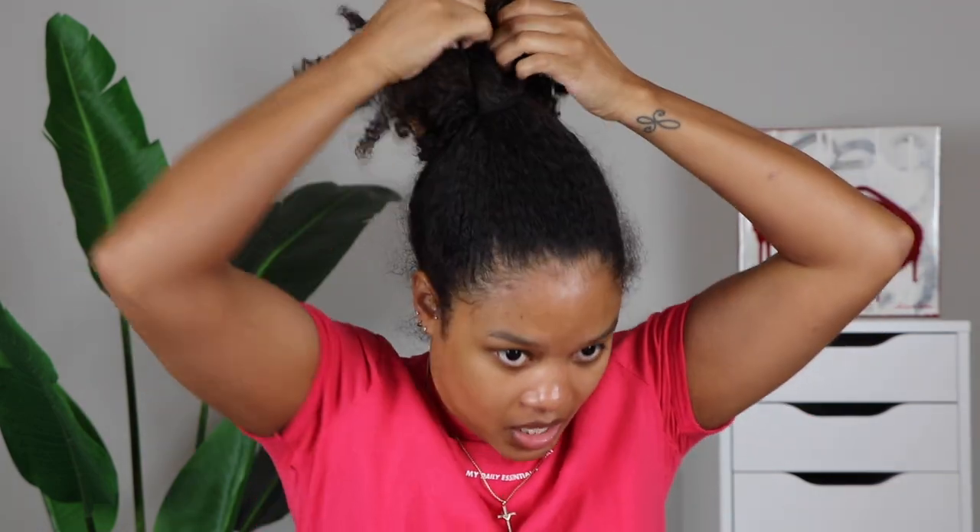I'm starting with 100% woke-up-like-this vibes. Seriously, I have taken a shower, but my hair has not been touched all morning. I literally went to sleep with a bun last night, and this is how we're looking today. I do still want to keep the bun vibes going, but I want to clean it up and make it look nice and sleek — still with a little bit of messy bun vibes. My hair needs a wash, but today's not the day for that, so we're sticking with a bun.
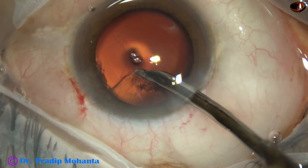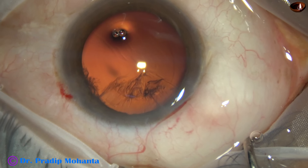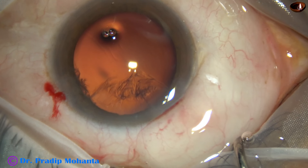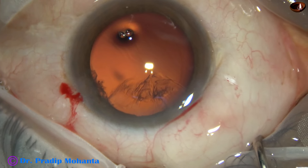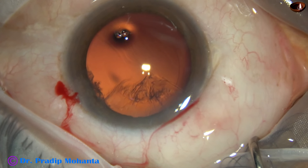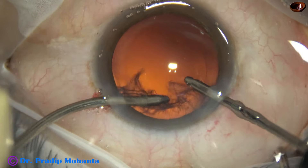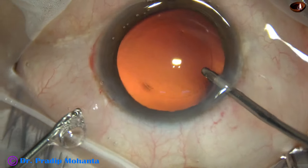This is the last portion of the cortex. I find that it is not coming easily. By this time there is some chemosis, so I just make a small nick in the fold of conjunctiva. Now somehow I have to remove this cortex, so I am using bimanual irrigation-aspiration. Irrigation goes through the main wound, aspiration through the side port, and it gets over.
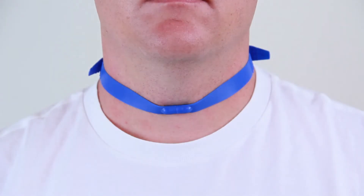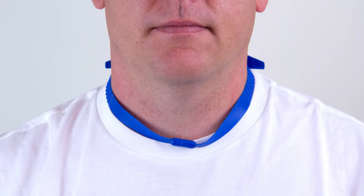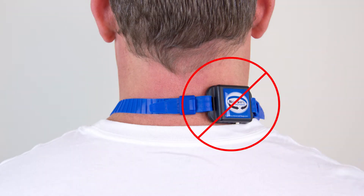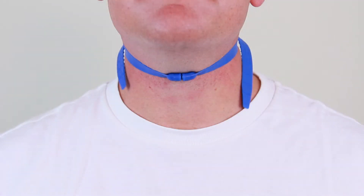The strap must be adjusted so it is comfortable yet secure, similar to a buttoned collar. If worn too loose, the Night Shift could slip from the center on the back of your neck, resulting in incorrect detection of back sleeping. If adjusted too tight, the magnetic clasp may disconnect and the device could fall off during sleep.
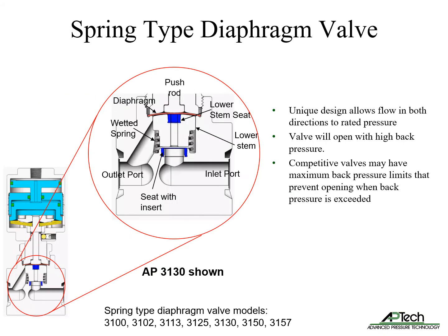The spring-type diaphragm valve has a unique design that allows high pressure flow in both directions to rated pressure. The valve will open with high back pressure. Competitive valves may have maximum back pressure limits and, if exceeded, their valve will not open.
—————
TASK STATEMENT: The exact lines from the beginning of the data through the one that contains "The strap must" must be given again, both ends included, and pictures must be left out.

RESPONSE TO THE EXERCISE:
I'm starting with 100% woke-up-like-this vibes. Seriously, I have taken a shower, but my hair has not been touched all morning. I literally went to sleep with a bun last night, and this is how we're looking today. I do still want to keep the bun vibes going, but I want to clean it up and make it look nice and sleek — still with a little bit of messy bun vibes. My hair needs a wash, but today's not the day for that, so we're sticking with a bun.
This is the last portion of the cortex. I find that it is not coming easily. By this time there is some chemosis, so I just make a small nick in the fold of conjunctiva. Now somehow I have to remove this cortex, so I am using bimanual irrigation-aspiration. Irrigation goes through the main wound, aspiration through the side port, and it gets over.
The strap must be adjusted so it is comfortable yet secure, similar to a buttoned collar. If worn too loose, the Night Shift could slip from the center on the back of your neck, resulting in incorrect detection of back sleeping. If adjusted too tight, the magnetic clasp may disconnect and the device could fall off during sleep.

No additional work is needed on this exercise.